Two engineering alumni named to ‘Forbes’ 30 Under 30 list
Two Vanderbilt School of Engineering graduates — the co-founder of an alternative energy company and the co-inventor of a portable exoskeleton that helps paraplegics to walk — are among five Vanderbilt alumni who have been named to Forbes magazine’s 30 Under 30.
The third annual list recognizes rising stars across the fields of energy, education, entertainment, marketing and more.
Forbes editors and reporters worked with panels of expert judges to choose the brightest stars under the age of 30 in each of 15 categories. “These founders and funders, brand builders and do-gooders aren’t waiting for a proper bump up the career ladder,” according to the magazine. “Their goals are way bigger—and perfectly suited to the dynamic, entrepreneurial and impatient digital world they grew up in.”
Miles Barr, 29, is the co-founder of Ubiquitous Energy, which creates a transparent coating that converts light into electricity. Barr’s invention allows any surface to become an energy producer without impacting its appearance.

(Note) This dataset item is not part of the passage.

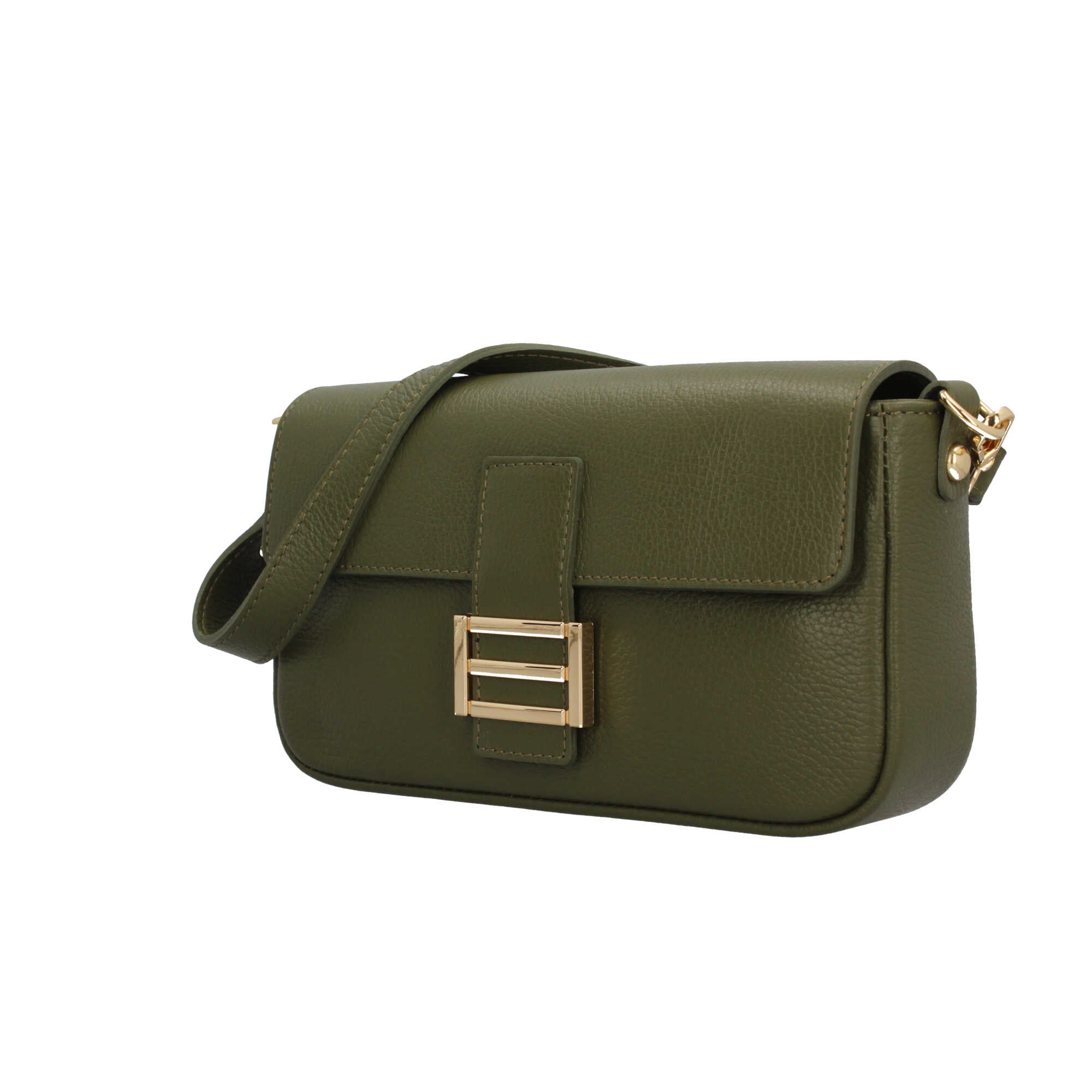 Borsa a tracolla in vera pelle martellata Made in Italy Verde TU | Giò Fashion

According to Forbes, “This means one day soon, your smartphone could charge itself with just a little bit of light.” Barr majored in chemical engineering, mathematics and music, and received a bachelor of engineering degree from Vanderbilt in 2006.
Ryan Farris, 29, co-invented the first lightweight and portable exoskeleton along with Michael Goldfarb, H. Fort Flowers Professor of Mechanical Engineering at Vanderbilt. The pair’s Indego is an exoskeleton packed with sensors that allows paraplegics with severe spinal cord injuries to stand up and walk, as well as enhances rehabilitation for people who have suffered a stroke.
Farris now works as an engineering manager for the motion control technology company Parker Hannifin, which has licensed the technology and hopes to bring a mass-produced exoskeleton to rehab facilities and then to consumers in the next few years. Farris received a master of science degree in 2009 and a Ph.D. in 2012, in mechanical engineering both from Vanderbilt.
The other Vanderbilt alumni are Matthew Rubinger, 25, director of luxury accessories at Heritage Auctions; Zakiya Smith, 28, strategy director at the Lumina Foundation; and Danielle Snyder, 28, a jewelry designer and the founder with her sister Jodie, 31, of Dannijo.